- Work to complete -
Only the lines from the one containing "Распродажа книг 10" through the last line of the data below belong in your answer, copied exactly and without pictures.

________________

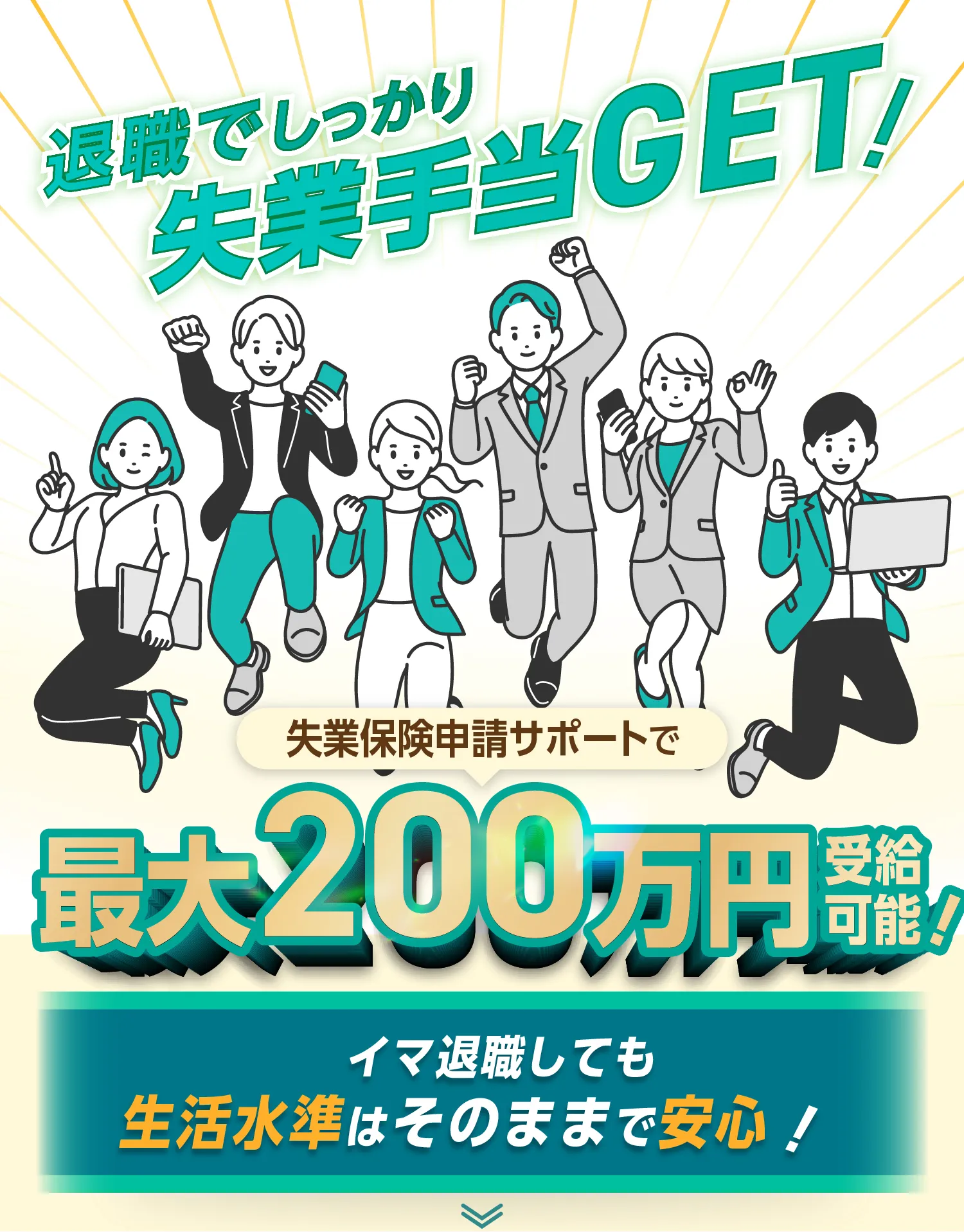 退職でしっかり失業手当GET！　失業保険サポートで最大200万円受給可能！　イマ退職しても生活水準はそのままで安心！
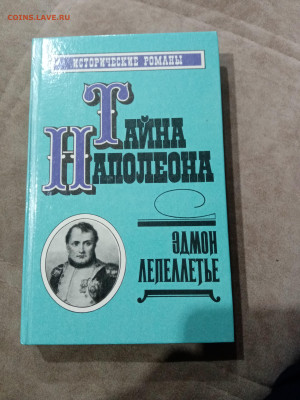 Распродажа книг 10 по 25р до 10.12.25 в 22:00 по мск - IMG_20251205_002715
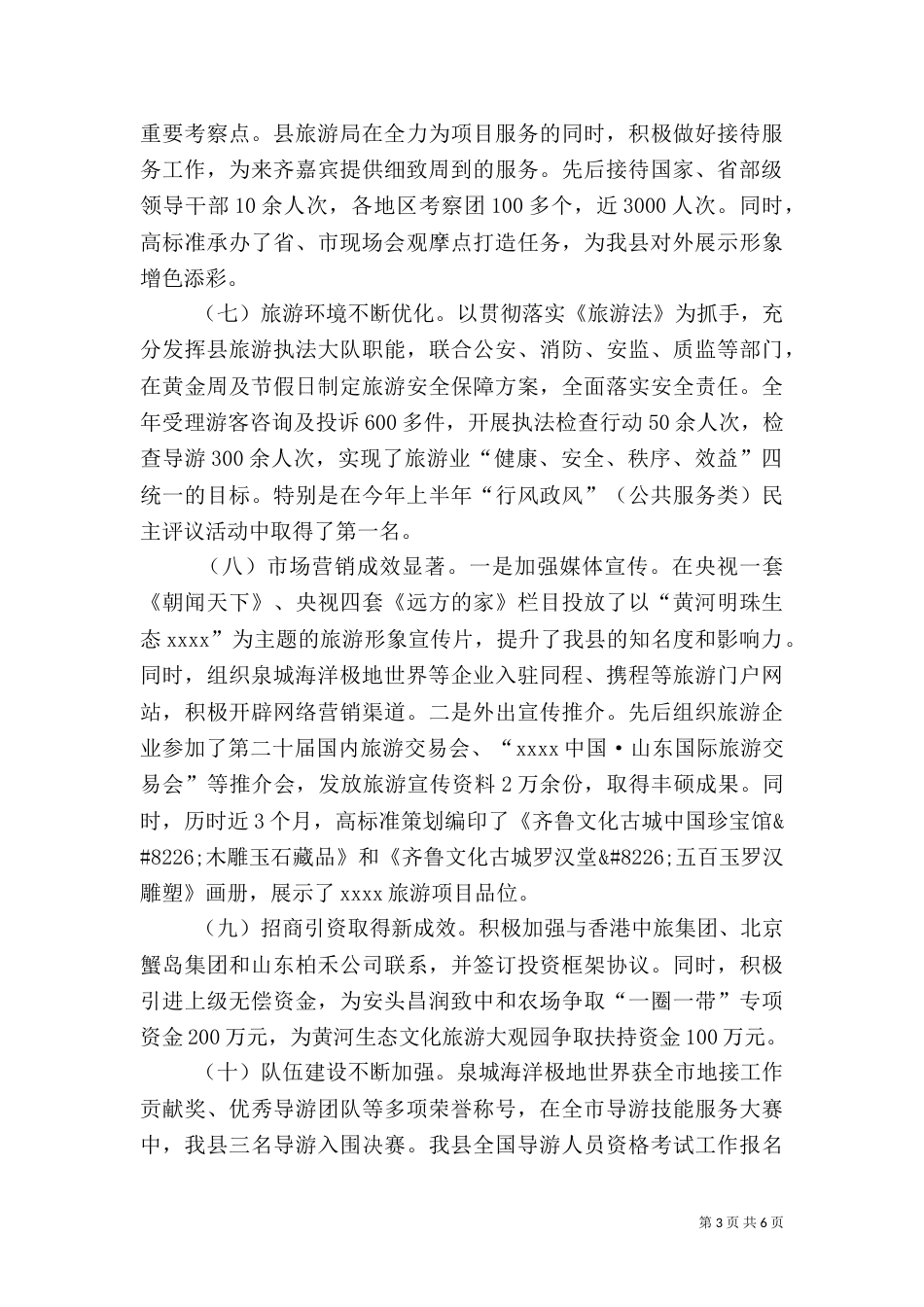 旅游局年终工作总结（二）7_第3页
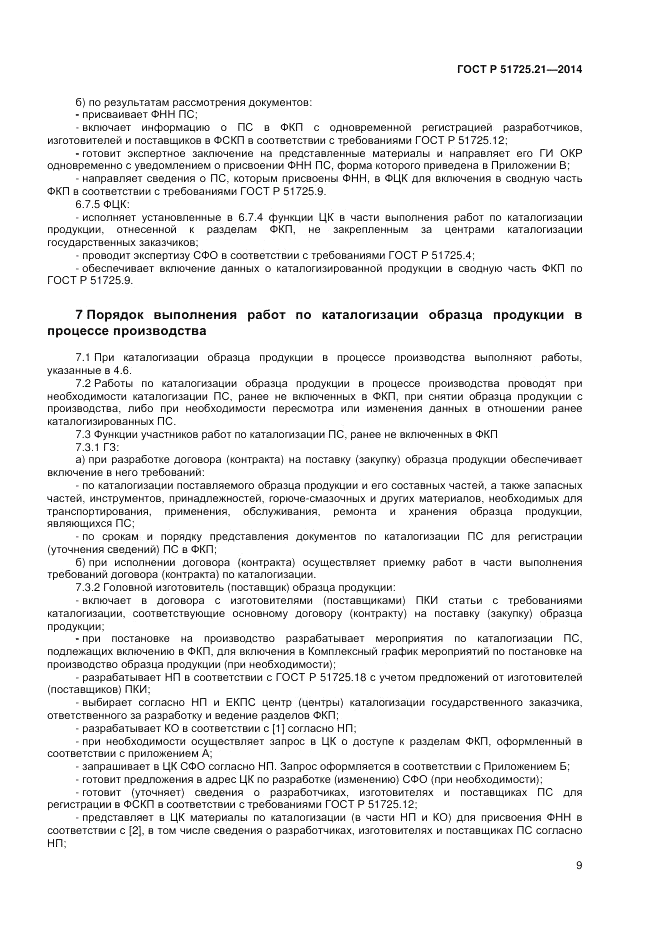 ГОСТ Р  51725.21-2014, страница 13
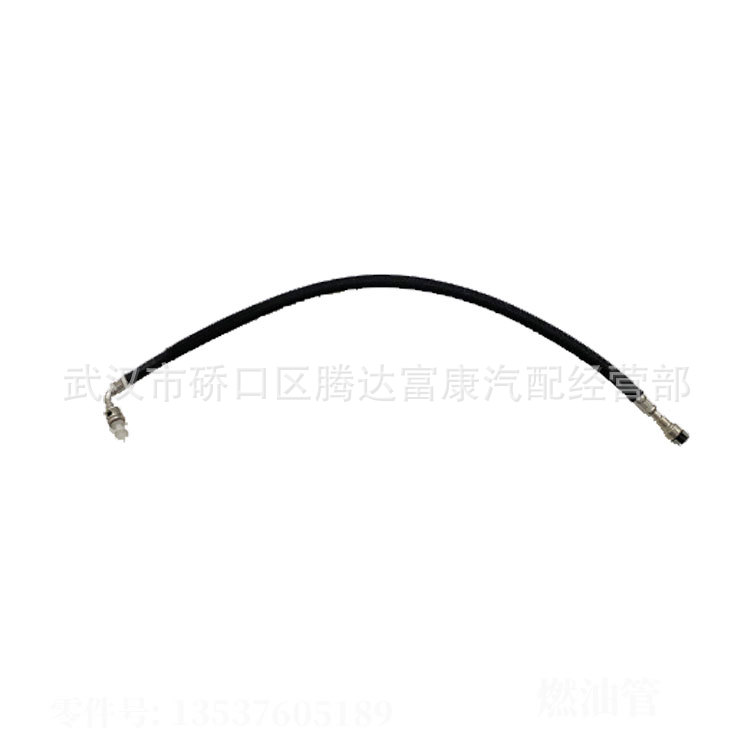 Suitable for Mini BMW fuel pipe 13537605189 13537595413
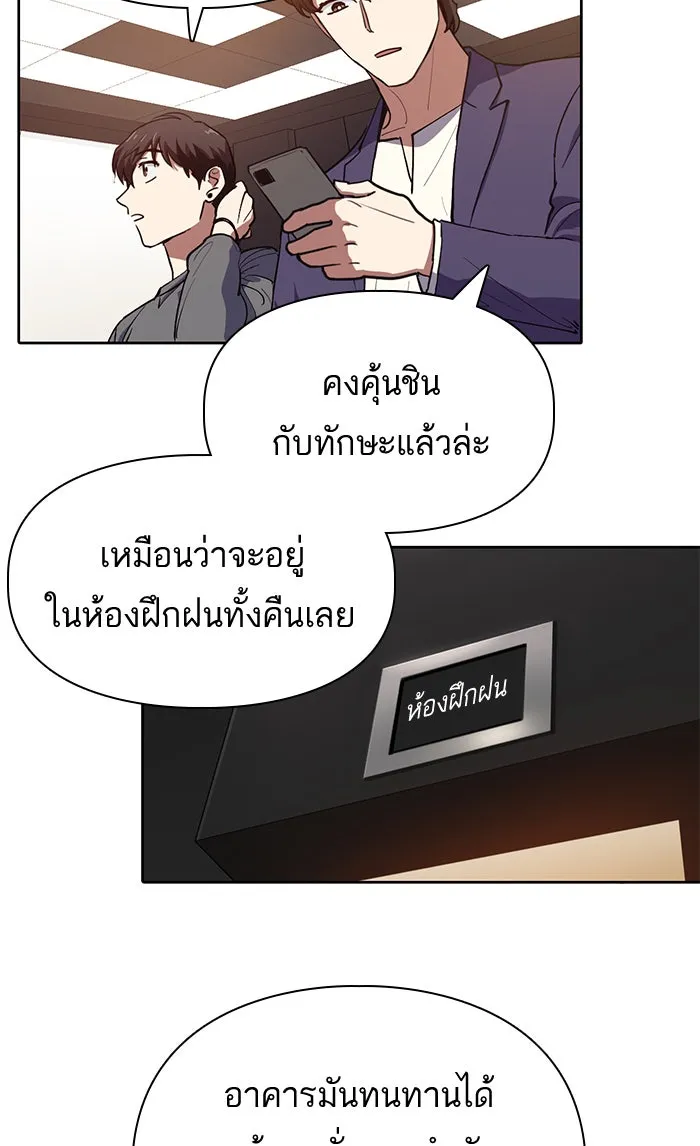 My S-Class Hunters ตอนที่ 13 ไม่ทำตัวบุ่มบ่ามต่อหน้าเด็กๆ รูปที่ 49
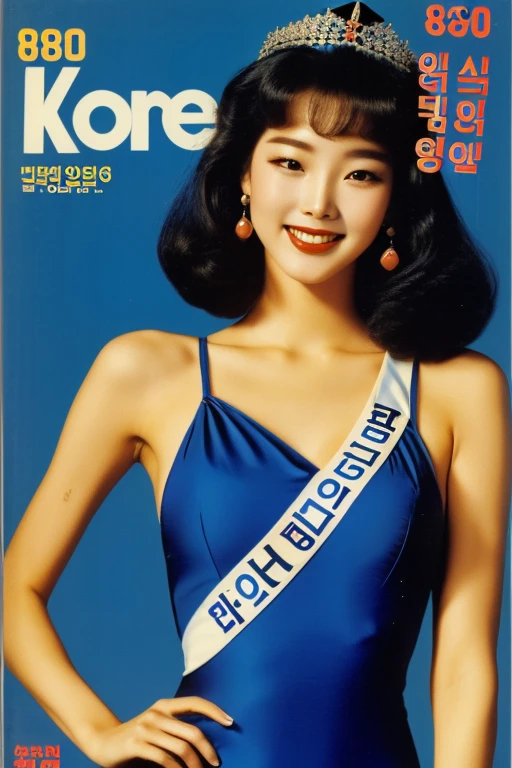 (Korean 80s magazine cover:1.3) , Retro_Magazine , Seoul, 1982. A young korean beautiful girl, 22-year-old, sexy girl, strikingly beautiful, black hair, big breasts, delicate facial features, porcelain skin, red lips, expressive eyes, ((awe and joy expression)), a prizewinner in a beauty contest, miss korea, (Miss Korea blue one-piece Swimsuit), winner crown, the sash, and the crown, ((hairstyle of the 1980s)), in bold retro typography,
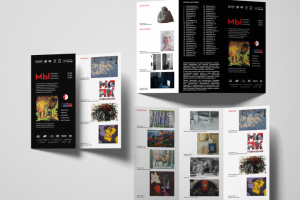 Буклет для выставки "МЫ"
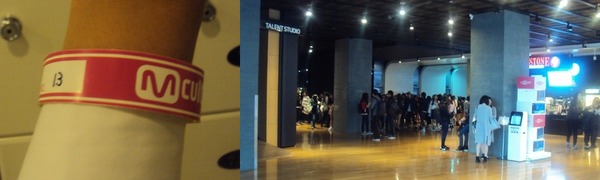 M Countdown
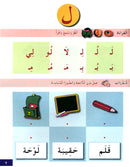 I Learn Arabic Simplified  Curriculum Workbook: level 1 أتعلم العربية المنهج الميسر كتاب التمارين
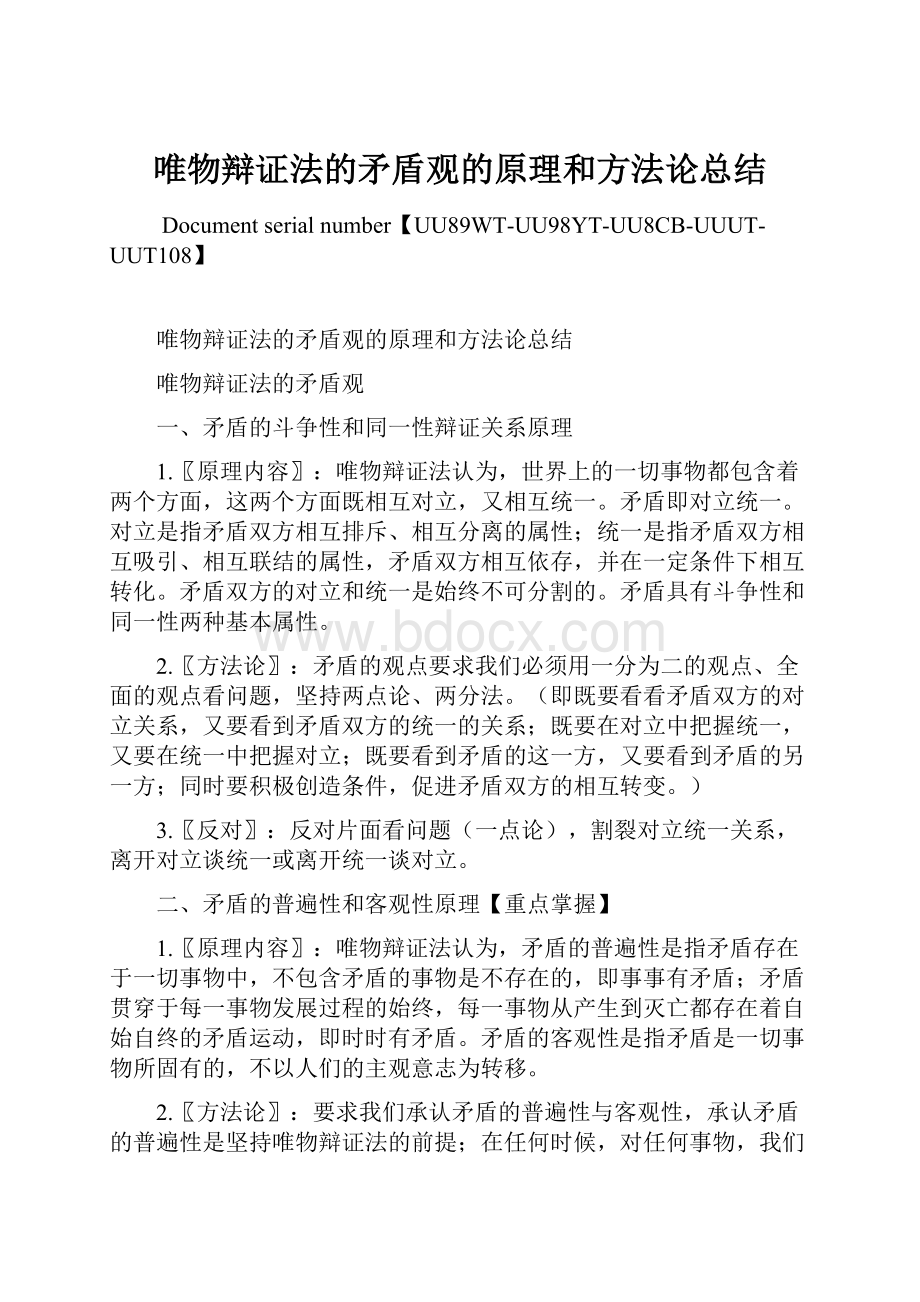 唯物辩证法的矛盾观的原理和方法论总结.docx_第1页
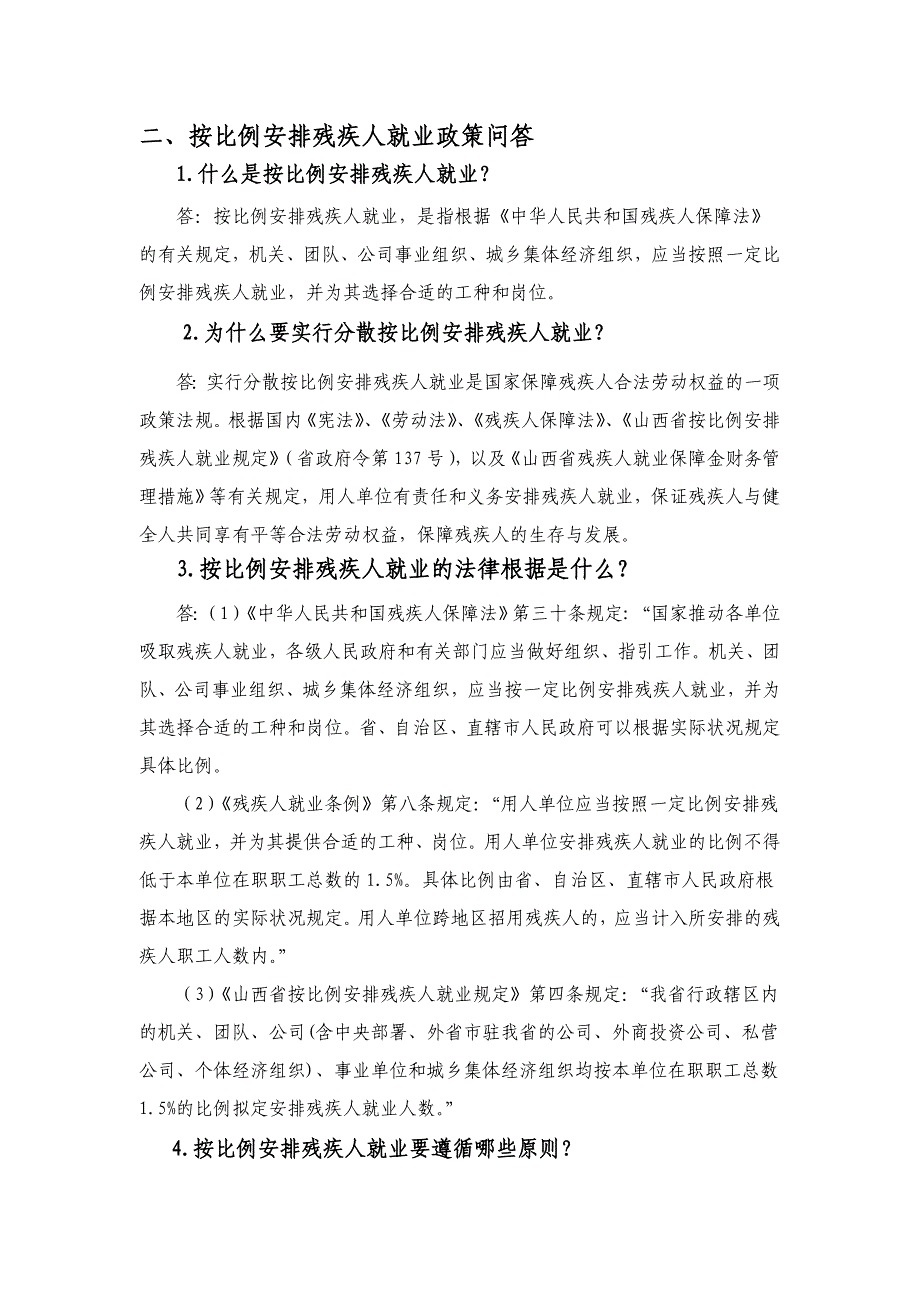 按比例安排残疾人就业知识问答_第1页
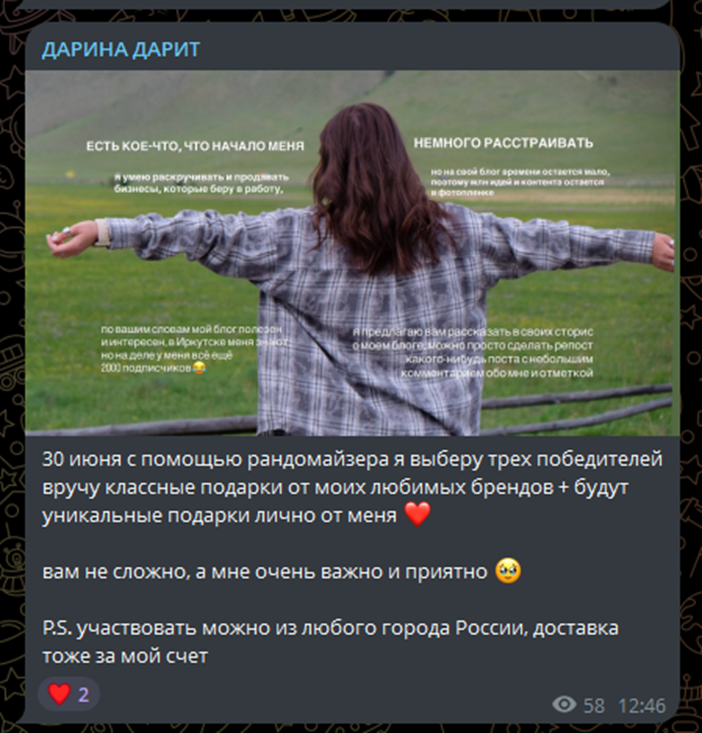 отзывы о дарина дарит отзывы о дарина дарит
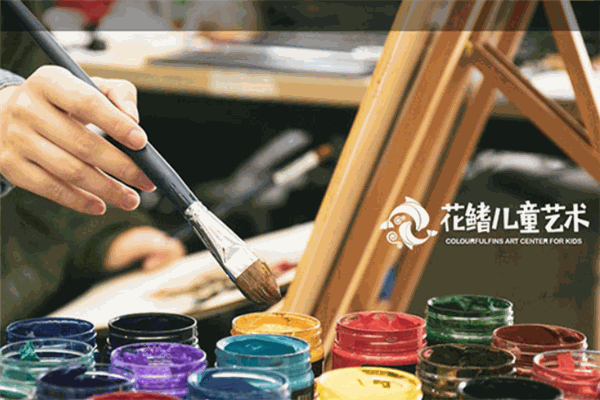 花鰭兒童藝術(shù)中心加盟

________________

- Response area -
 Распродажа книг 10 по 25р до 10.12.25 в 22:00 по мск - IMG_20251205_002715
 旅游局年终工作总结（二）7_第3页
 ГОСТ Р  51725.21-2014, страница 13
 Suitable for Mini BMW fuel pipe 13537605189 13537595413
 My S-Class Hunters ตอนที่ 13 ไม่ทำตัวบุ่มบ่ามต่อหน้าเด็กๆ รูปที่ 49
 (Korean 80s magazine cover:1.3) , Retro_Magazine , Seoul, 1982. A young korean beautiful girl, 22-year-old, sexy girl, strikingly beautiful, black hair, big breasts, delicate facial features, porcelain skin, red lips, expressive eyes, ((awe and joy expression)), a prizewinner in a beauty contest, miss korea, (Miss Korea blue one-piece Swimsuit), winner crown, the sash, and the crown, ((hairstyle of the 1980s)), in bold retro typography,
 Буклет для выставки "МЫ"
 M Countdown
 I Learn Arabic Simplified  Curriculum Workbook: level 1 أتعلم العربية المنهج الميسر كتاب التمارين
 唯物辩证法的矛盾观的原理和方法论总结.docx_第1页
 按比例安排残疾人就业知识问答_第1页
 отзывы о дарина дарит отзывы о дарина дарит
 花鰭兒童藝術(shù)中心加盟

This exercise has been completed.